Direct Answer
Orthopedic and spine billing has among the highest complexity in medical coding — procedures have 90-day global periods that determine when post-operative E&M services can be separately billed, fracture care codes encompass weeks of follow-up treatment, spinal procedures have specific instrumentation add-on codes, and joint replacement increasingly falls under CMS bundled payment programs. Getting orthopedic billing right requires knowing the global period implications, correct fracture care vs. separate services, and the detailed anatomy of spinal surgery codes.
Table of Contents
Orthopedic 90-Day Global Periods
Most orthopedic surgical procedures carry a 90-day global period — meaning the surgical fee includes one pre-operative day, the intraoperative services, and all routine post-operative care through 90 days after the procedure. E&M services related to the surgical condition during the global period are included in the surgical payment and cannot be separately billed. E&M services that are unrelated to the surgery, or that address a new problem that was not anticipated at the time of the surgery, can be separately billed with Modifier 24. Services for complications of the surgery are also included in the global period — but complications requiring a return to the operating room are separately billable with Modifier 78.

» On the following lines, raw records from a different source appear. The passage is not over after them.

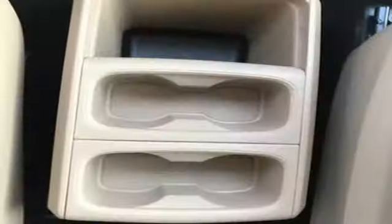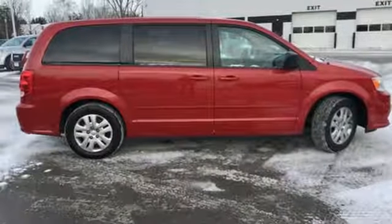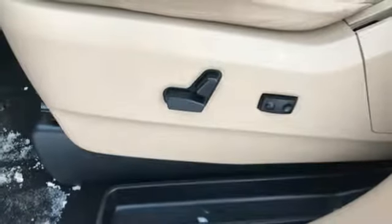External memory control, power heated mirrors, dual zone climate control, auto dimming rear view mirror, wireless phone connectivity, leather steering wheel, automatic transmission, pearl coat paint, gas pressurized shocks, and V6 engine.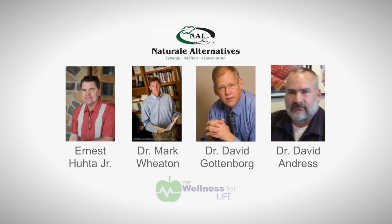Welcome to Natural Alternatives. I'm Ernest Hutta, the owner and director of the clinic here. Dr. Mark Wheaton, Dr. Dave Gottenborg, Dr. Dave Andrus, and myself work in the clinic together in a collaborative relationship — the synergy of practitioners working together to help people with a whole host of issues and struggles that people suffer from.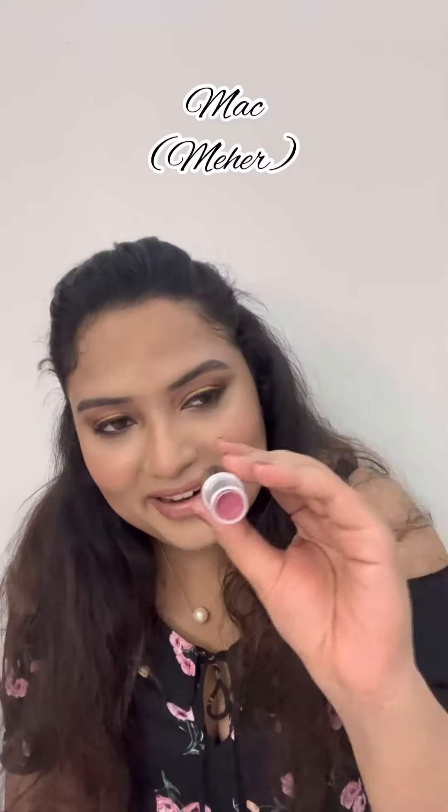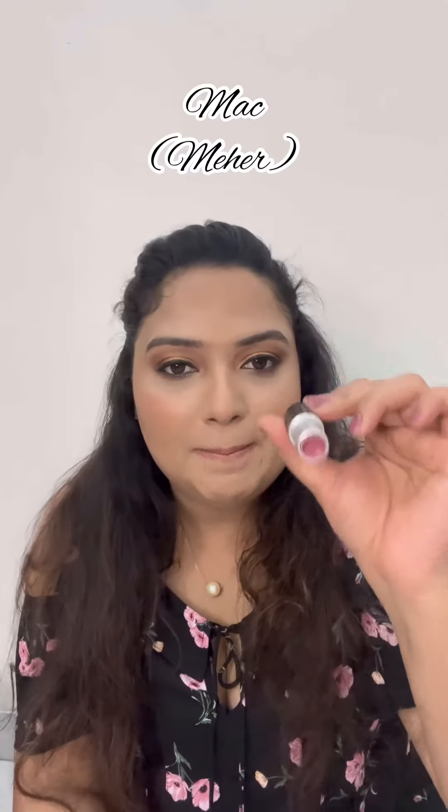The fourth one is from MAC, and it's a very famous shade — Ruby Woo. It's a nice red with a brownish tone. And my most favorite, which I wear always, is also from MAC — you can see it's all done and dusted now and I need another one.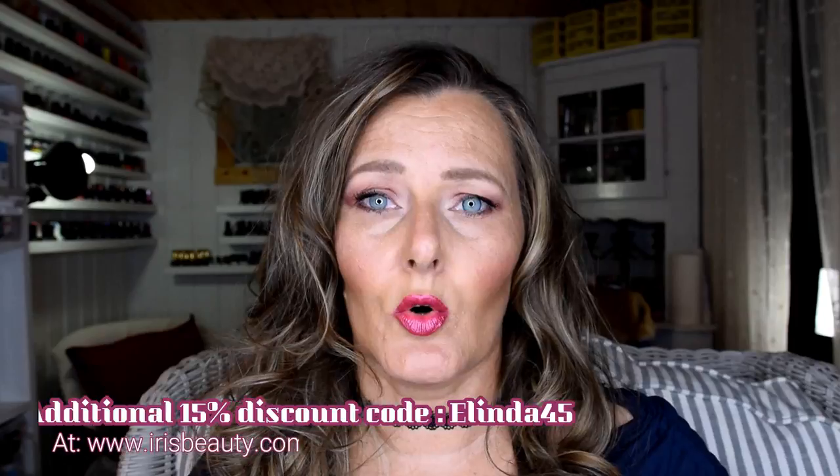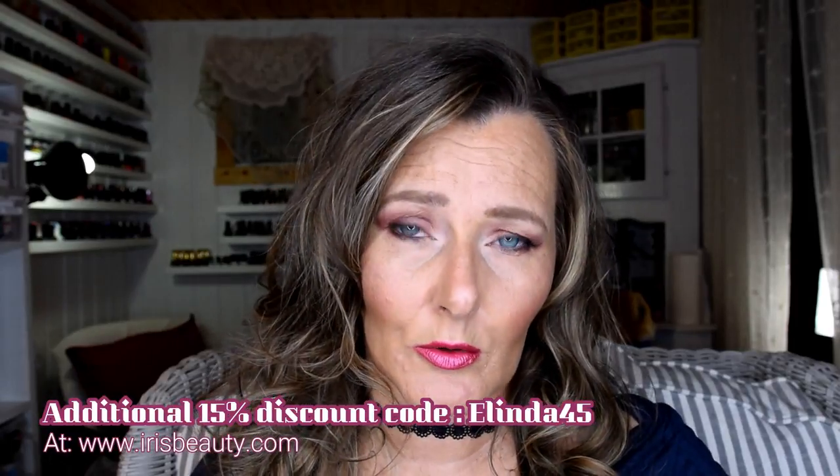Thank you so much to Iris Beauty for sending these products to play with. Use my code — it's an add-on code — so you get 50% plus whatever sale they have going on this summer and often other times. Go check their site; they have a lot of types to choose from, and they also have eyeliner. I just have to apologize for the struggle I gave them and myself.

Orthopedic practices should maintain tracking of surgical dates and 90-day global period end dates for each patient to ensure E&M services are not billed within the global period when they should be included, and to capture legitimate separate billing (new problems, unrelated care) using Modifier 24 when appropriate.
Fracture Care Coding
Fracture care CPT codes (2XXXX range) include the initial assessment plus follow-up care for the fracture. The fracture care code is all-inclusive for the specific fracture — it includes application and removal of the first cast or splint, and subsequent visits related to the fracture treatment. A separate E&M code can be billed for the initial visit when the provider performs a medically necessary significant, separately identifiable E&M service beyond the fracture care itself (Modifier 25). Separate codes are appropriate for: x-ray interpretation (if reported separately); closed reduction of a displaced fracture; and care of a different fracture or injury during the same visit.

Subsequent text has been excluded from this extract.